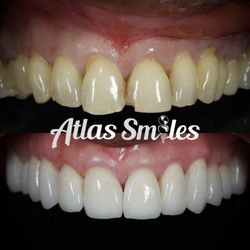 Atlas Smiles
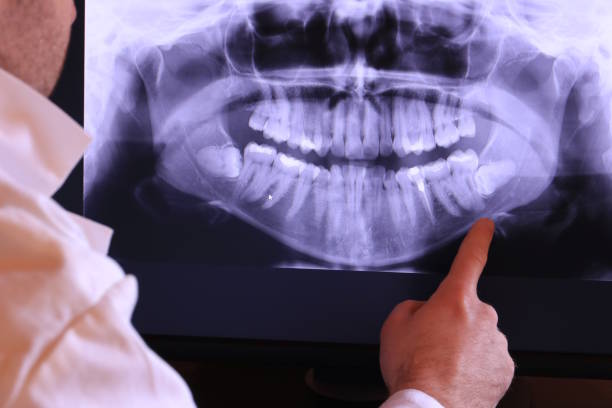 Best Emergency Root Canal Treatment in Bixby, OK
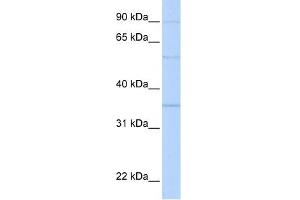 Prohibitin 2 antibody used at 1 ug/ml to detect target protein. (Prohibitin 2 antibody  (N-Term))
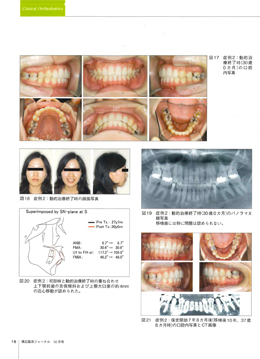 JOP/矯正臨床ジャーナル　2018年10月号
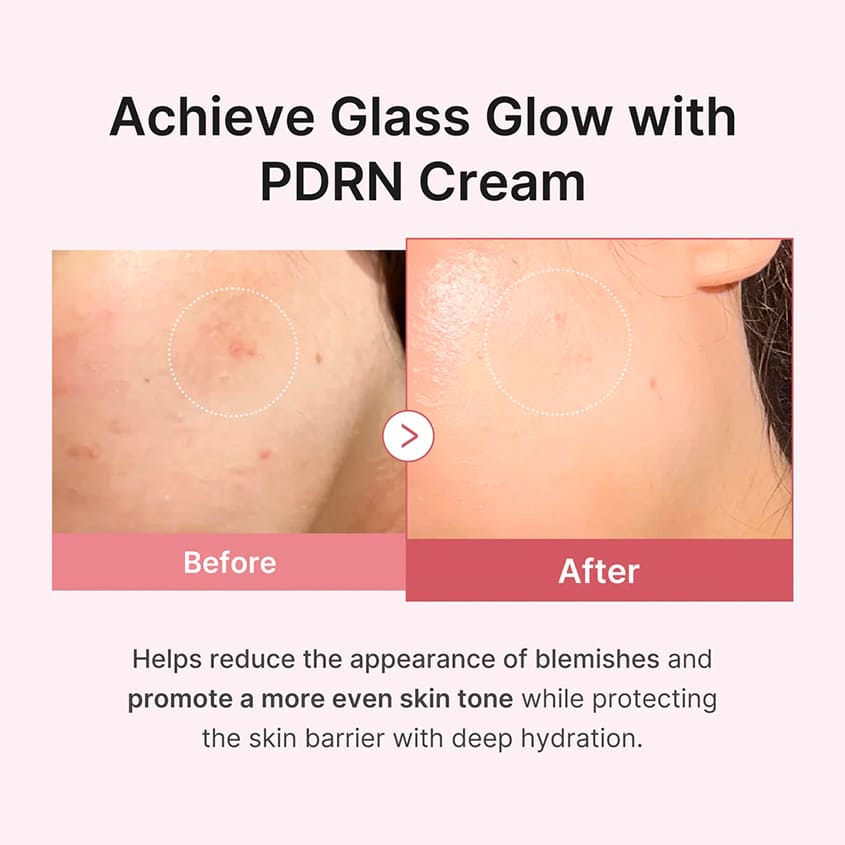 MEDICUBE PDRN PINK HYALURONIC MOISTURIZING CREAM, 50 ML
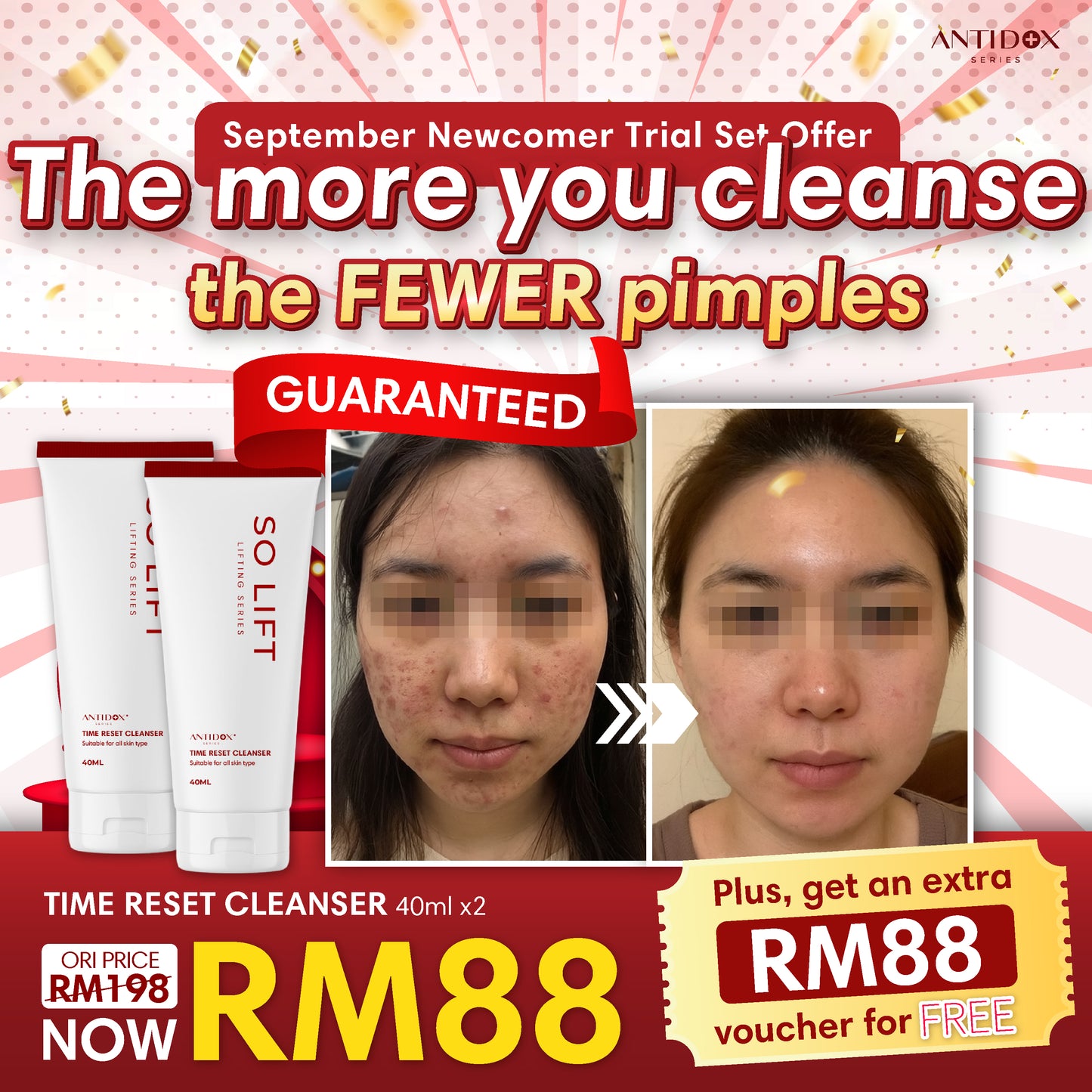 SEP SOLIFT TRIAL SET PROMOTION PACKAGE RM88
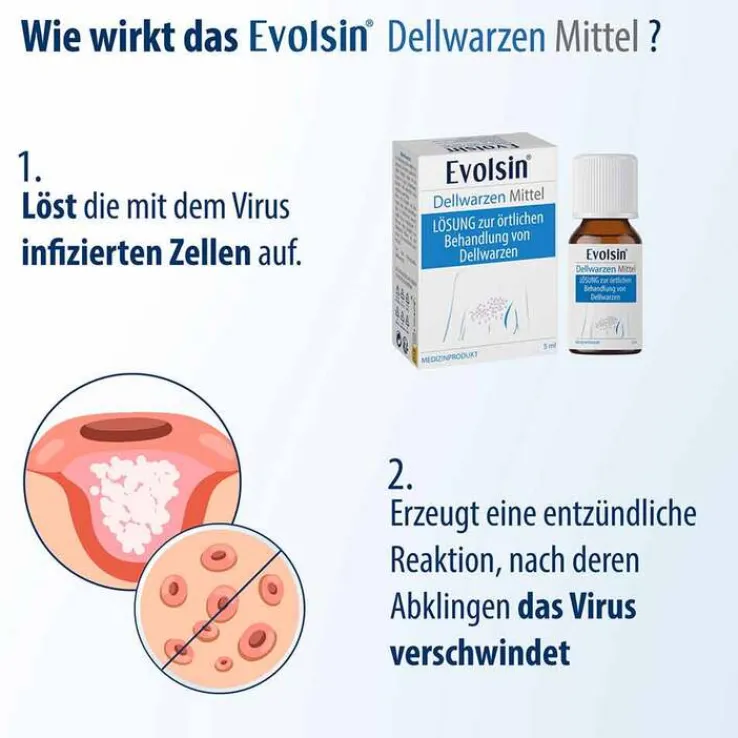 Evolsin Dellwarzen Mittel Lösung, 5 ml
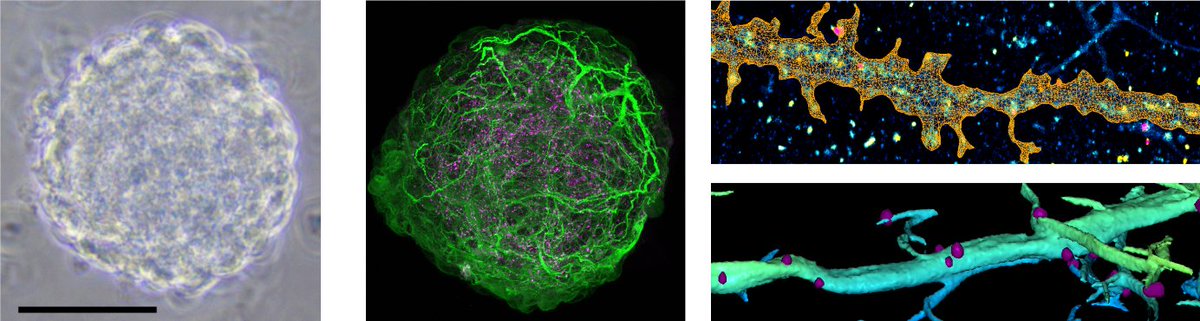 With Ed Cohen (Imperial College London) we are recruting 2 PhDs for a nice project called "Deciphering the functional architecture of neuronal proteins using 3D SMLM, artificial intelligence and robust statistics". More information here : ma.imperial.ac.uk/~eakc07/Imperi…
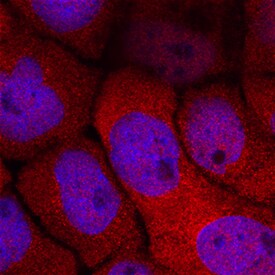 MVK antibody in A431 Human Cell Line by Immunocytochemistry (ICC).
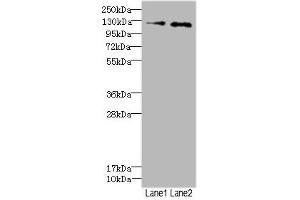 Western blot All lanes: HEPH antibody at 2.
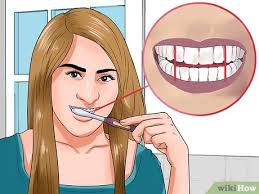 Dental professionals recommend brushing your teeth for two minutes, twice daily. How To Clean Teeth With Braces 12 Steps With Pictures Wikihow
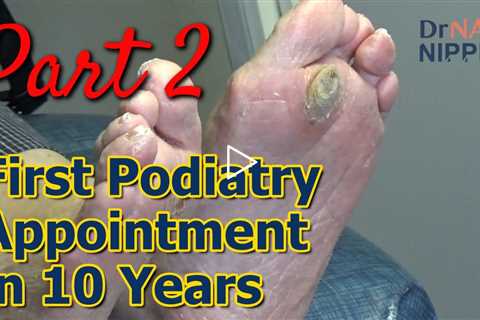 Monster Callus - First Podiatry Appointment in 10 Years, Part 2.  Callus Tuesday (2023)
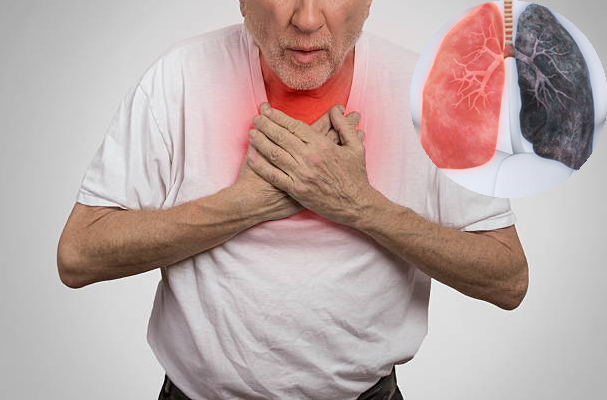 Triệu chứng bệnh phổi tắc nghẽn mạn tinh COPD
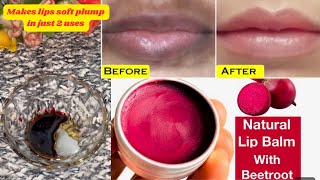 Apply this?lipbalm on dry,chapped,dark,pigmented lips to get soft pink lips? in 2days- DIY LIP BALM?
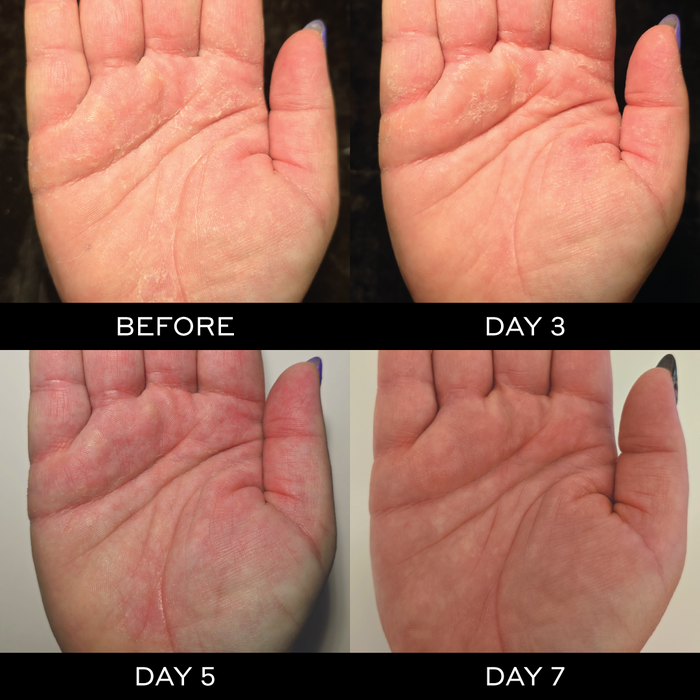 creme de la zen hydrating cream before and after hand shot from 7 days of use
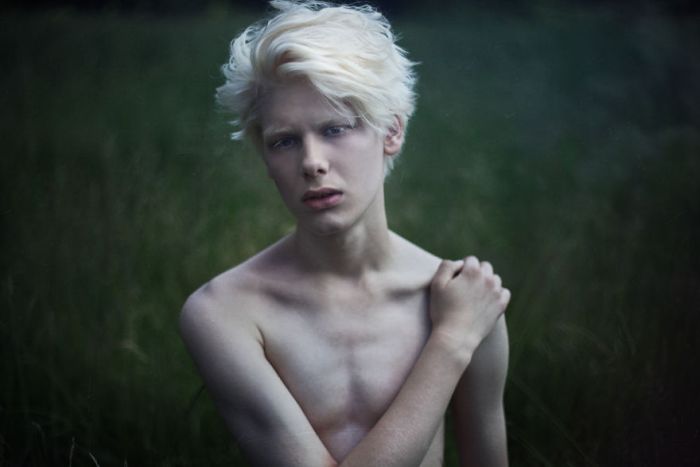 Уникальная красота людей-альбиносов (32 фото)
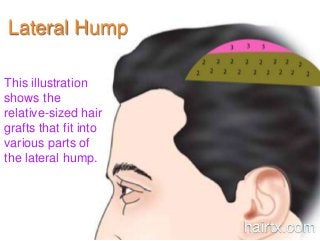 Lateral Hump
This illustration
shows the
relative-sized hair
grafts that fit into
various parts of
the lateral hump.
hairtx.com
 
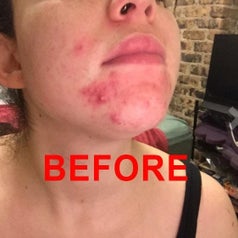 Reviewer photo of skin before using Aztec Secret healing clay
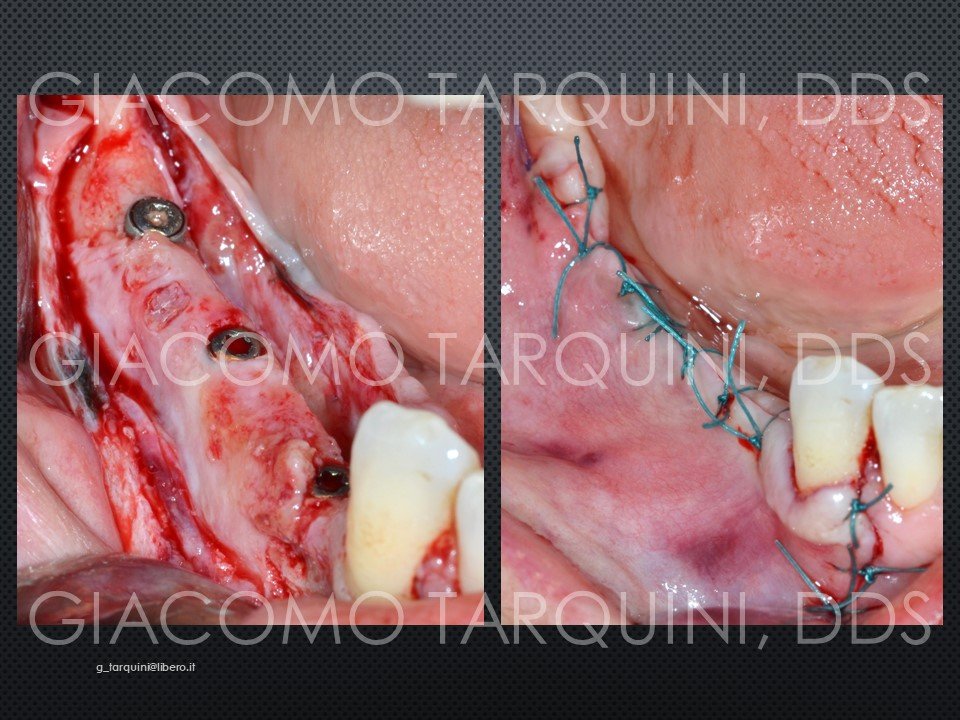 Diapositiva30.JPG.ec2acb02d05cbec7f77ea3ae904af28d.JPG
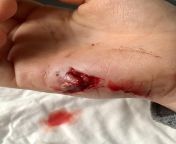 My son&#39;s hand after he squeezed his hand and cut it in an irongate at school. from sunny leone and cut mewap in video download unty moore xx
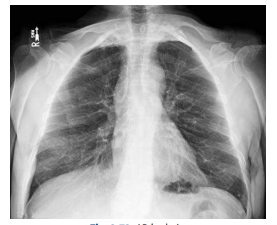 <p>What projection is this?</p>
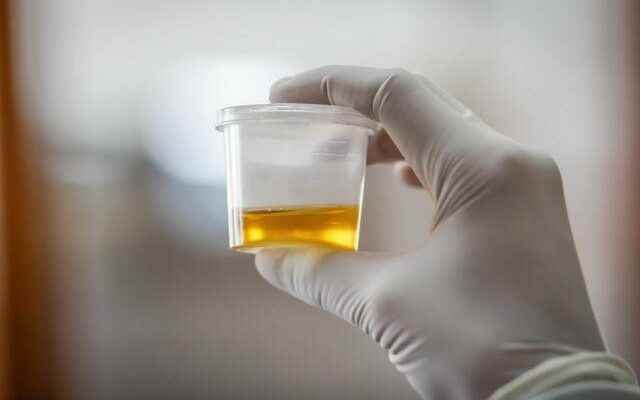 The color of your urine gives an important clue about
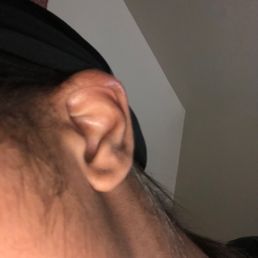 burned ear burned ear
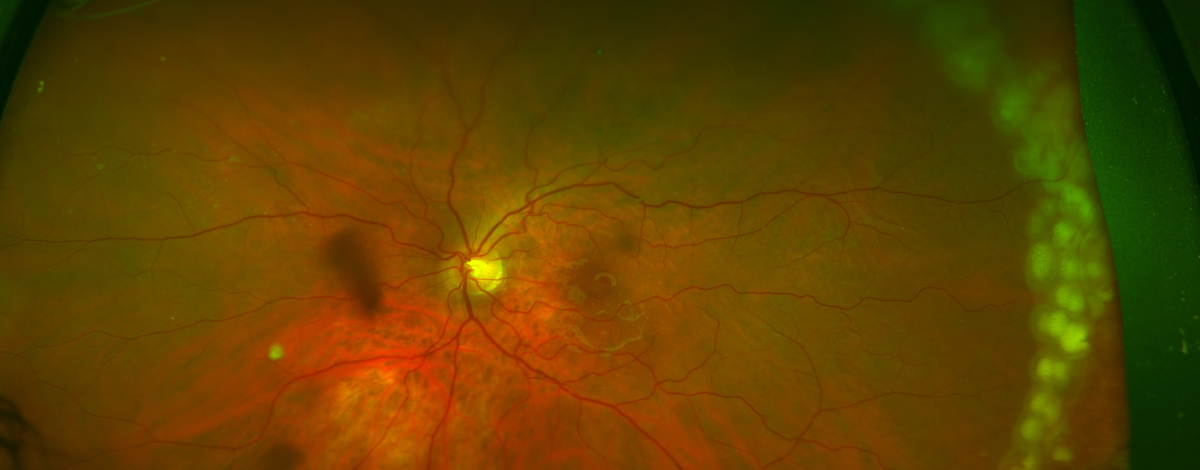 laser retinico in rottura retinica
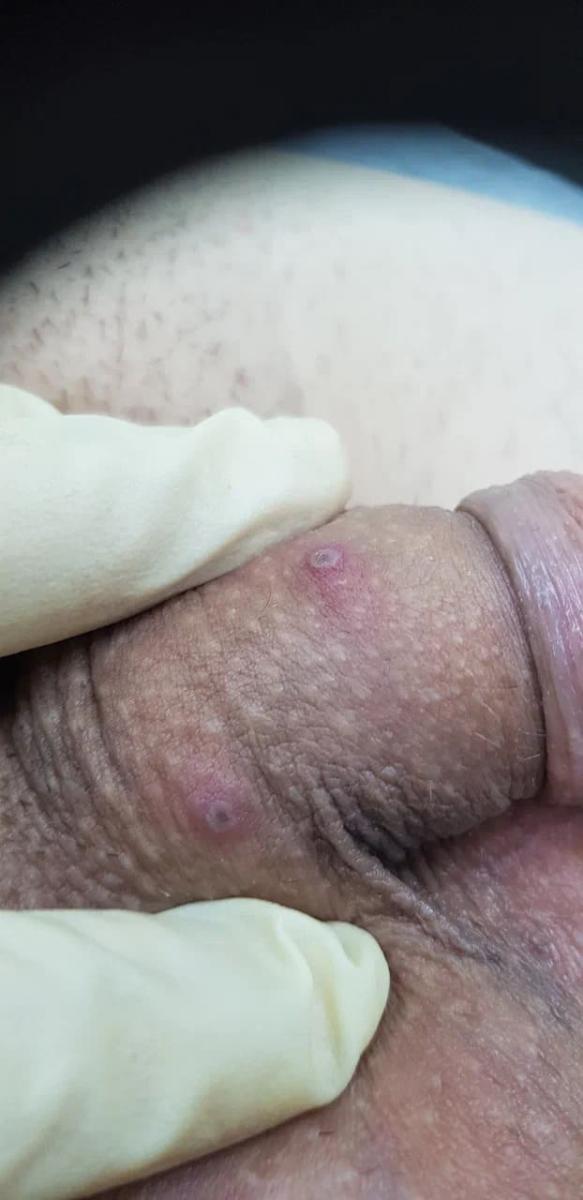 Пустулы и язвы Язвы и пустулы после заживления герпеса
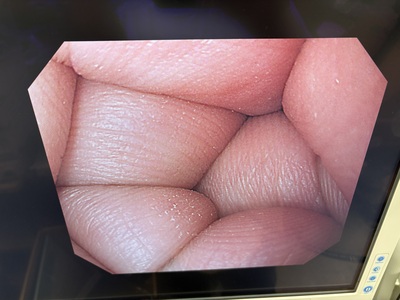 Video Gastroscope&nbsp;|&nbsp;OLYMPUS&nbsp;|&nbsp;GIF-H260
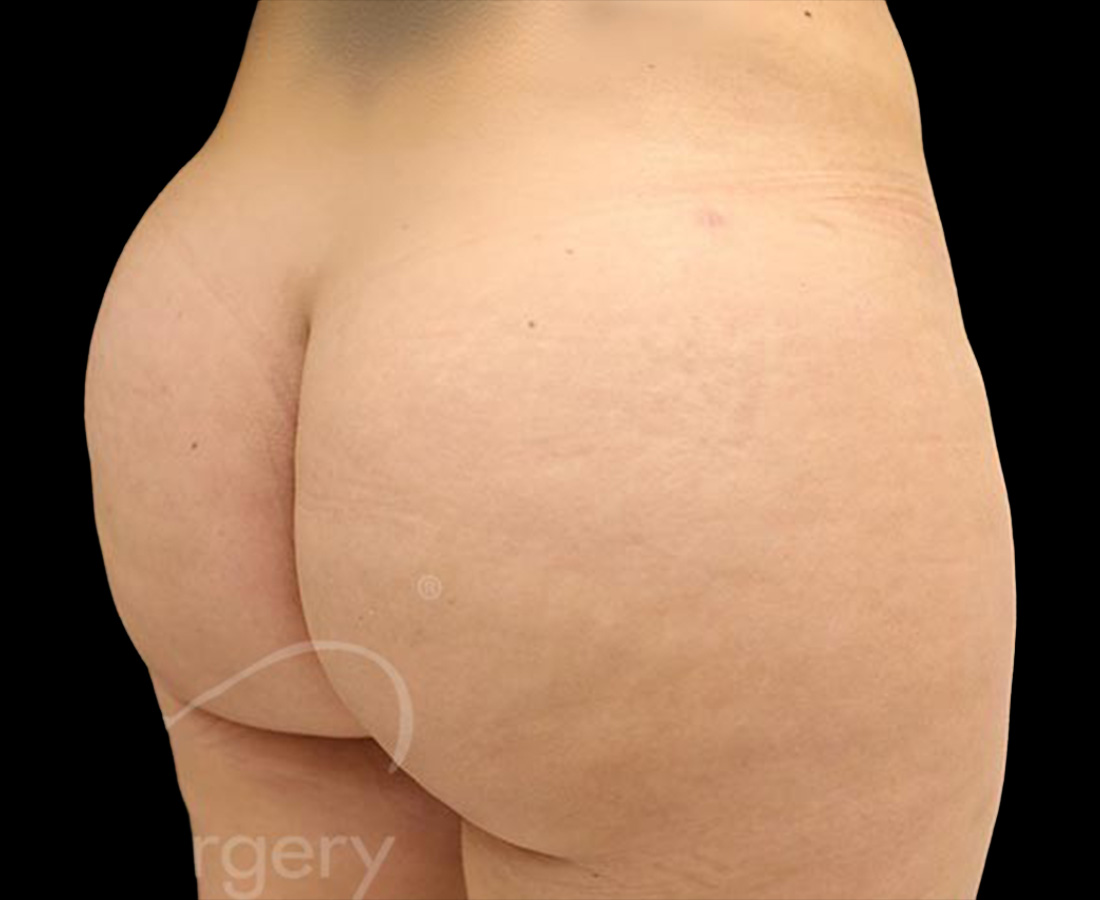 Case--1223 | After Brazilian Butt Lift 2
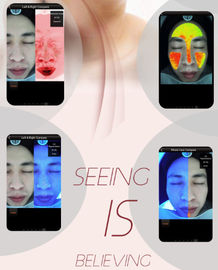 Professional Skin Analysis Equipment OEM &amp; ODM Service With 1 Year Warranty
--------------------------------------------------
## [Exercise]
Would you please repeat each record exactly? Leave the pictures out.

## [Solution to the problem]
 Atlas Smiles
 Best Emergency Root Canal Treatment in Bixby, OK
 Prohibitin 2 antibody used at 1 ug/ml to detect target protein. (Prohibitin 2 antibody  (N-Term))
 JOP/矯正臨床ジャーナル　2018年10月号
 MEDICUBE PDRN PINK HYALURONIC MOISTURIZING CREAM, 50 ML
 SEP SOLIFT TRIAL SET PROMOTION PACKAGE RM88
 Evolsin Dellwarzen Mittel Lösung, 5 ml
 With Ed Cohen (Imperial College London) we are recruting 2 PhDs for a nice project called "Deciphering the functional architecture of neuronal proteins using 3D SMLM, artificial intelligence and robust statistics". More information here : ma.imperial.ac.uk/~eakc07/Imperi…
 MVK antibody in A431 Human Cell Line by Immunocytochemistry (ICC).
 Western blot All lanes: HEPH antibody at 2.
 Dental professionals recommend brushing your teeth for two minutes, twice daily. How To Clean Teeth With Braces 12 Steps With Pictures Wikihow
 Monster Callus - First Podiatry Appointment in 10 Years, Part 2.  Callus Tuesday (2023)
 Triệu chứng bệnh phổi tắc nghẽn mạn tinh COPD
 Apply this?lipbalm on dry,chapped,dark,pigmented lips to get soft pink lips? in 2days- DIY LIP BALM?
 creme de la zen hydrating cream before and after hand shot from 7 days of use
 Уникальная красота людей-альбиносов (32 фото)
 Lateral Hump
This illustration
shows the
relative-sized hair
grafts that fit into
various parts of
the lateral hump.
hairtx.com
 
 Reviewer photo of skin before using Aztec Secret healing clay
 Diapositiva30.JPG.ec2acb02d05cbec7f77ea3ae904af28d.JPG
 My son&#39;s hand after he squeezed his hand and cut it in an irongate at school. from sunny leone and cut mewap in video download unty moore xx
 <p>What projection is this?</p>
 The color of your urine gives an important clue about
 burned ear burned ear
 laser retinico in rottura retinica
 Пустулы и язвы Язвы и пустулы после заживления герпеса
 Video Gastroscope&nbsp;|&nbsp;OLYMPUS&nbsp;|&nbsp;GIF-H260
 Case--1223 | After Brazilian Butt Lift 2
 Professional Skin Analysis Equipment OEM &amp; ODM Service With 1 Year Warranty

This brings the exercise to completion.